The ruling, which the Bee called "Orwellian" and the state Supreme Court refused to review, essentially took a law designed to stop government agencies from using the courts to silence their critics and turned it into a tool government agencies could use to silence their critics.
Here's what McKee had to say about the bizarro ruling in the Inland Valley Daily Bulletin:
After prosecuting 14 other Public Records Act and Brown Act cases, McKee said he had never heard of the district using the right to free speech as a way to win a case.
The school district can take tapes of meetings and "chop it up, eliminate pieces, because of their right to free speech," McKee said. "Can you imagine how nice it is to control the information to the public? It's so ridiculous you don't know where to start."

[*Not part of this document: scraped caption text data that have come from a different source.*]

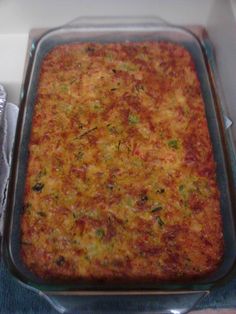 a casserole dish in a glass pan on top of a counter next to aluminum foil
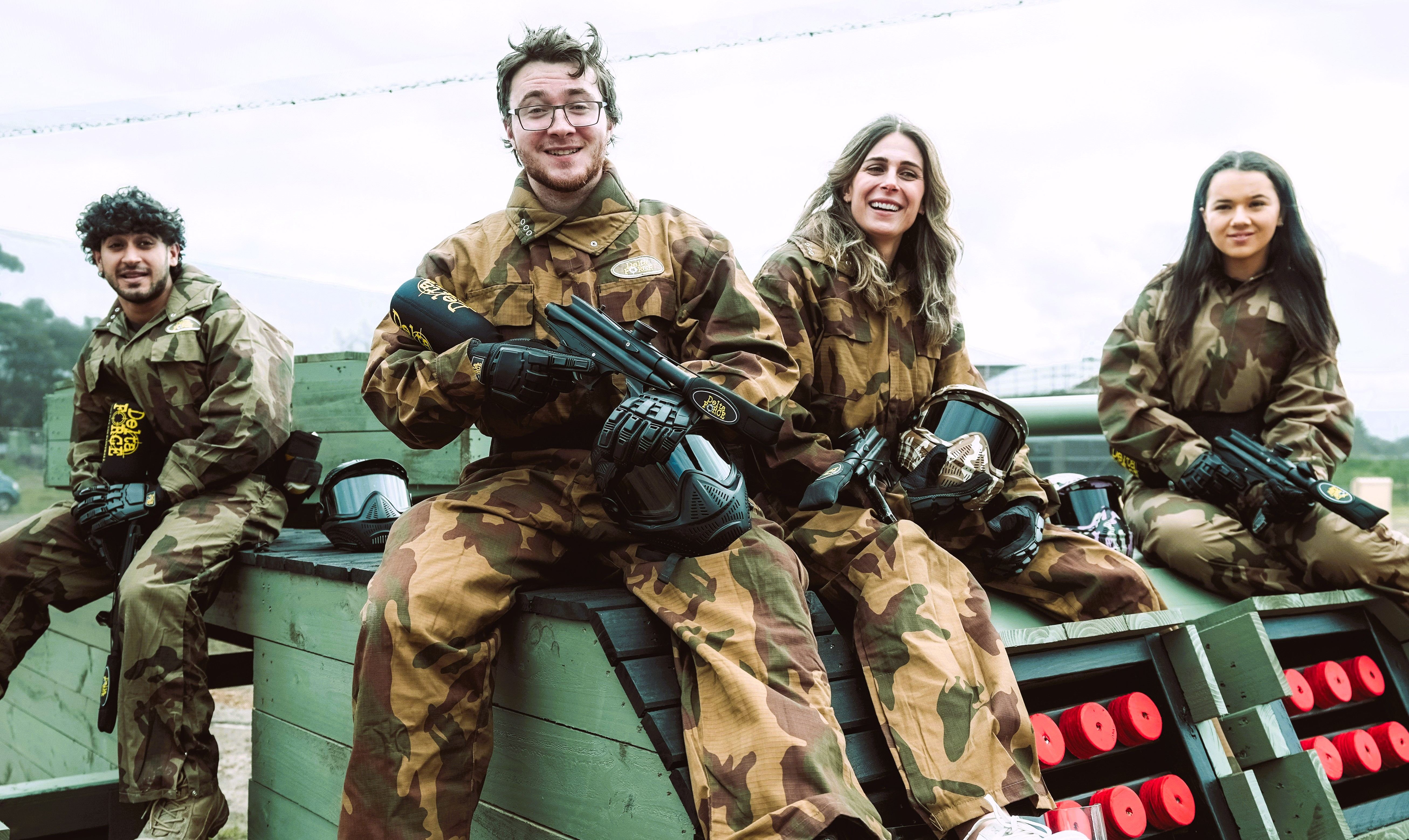 Friends smiling in paintball kit on a sunny day
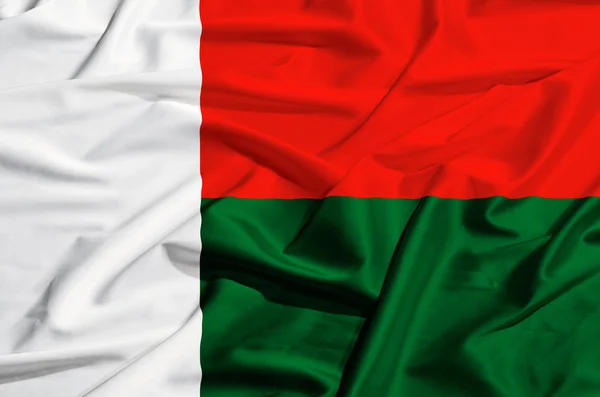 Madagascar flag on a silk drape waving — Stock Photo, Image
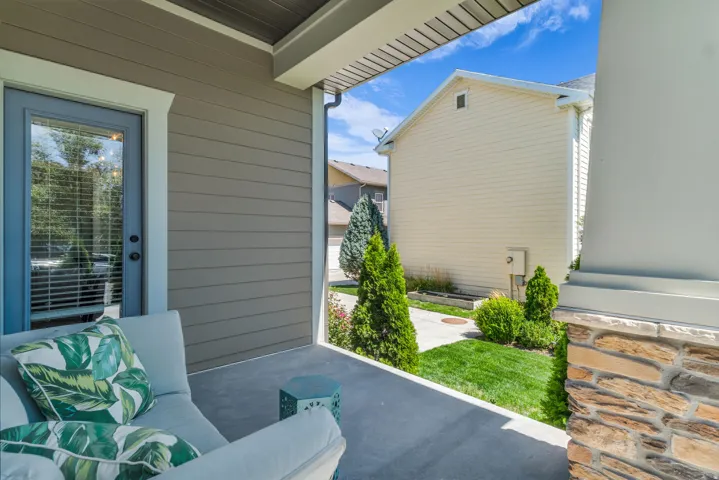 Covered patio with concrete flooring, plank siding, and a glass-paneled door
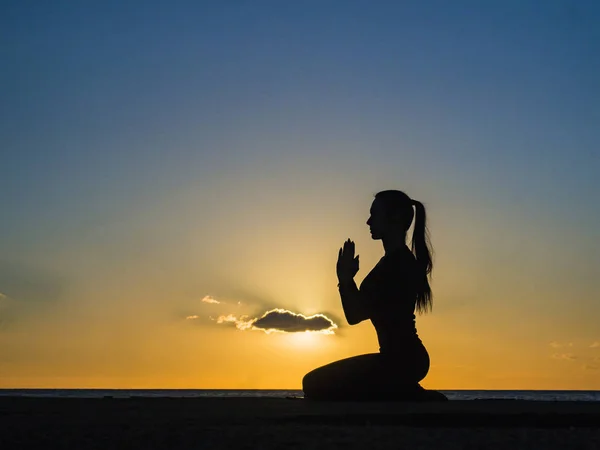 Mulher silhueta na praia ao pôr do sol fazendo ioga asana — Fotografia de Stock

The Bee has called for legislative reform to cure this ill, and McKee said that's exactly what he and Terry Francke of Californians Aware plan to do.
"We've kicked some ideas around and believe it could be as simple as changing the anti-SLAPP statute to preclude it from being used in a Brown Act case," McKee told me in an email. The Brown Act protects free speech at local government meetings and the anti-SLAPP law is the one designed to keep the same agencies from silencing critics by dragging them into an expensive lawsuit.
McKee and Francke are looking for a state lawmaker willing to carry the legislation.
Meantime, Francke has made a plea for financial help, since McKee has had to foot most of the $86,000 bill himself. I have already pledged to do my part, which involves subsidizing one of his favorite hobbies at the pub of his choosing.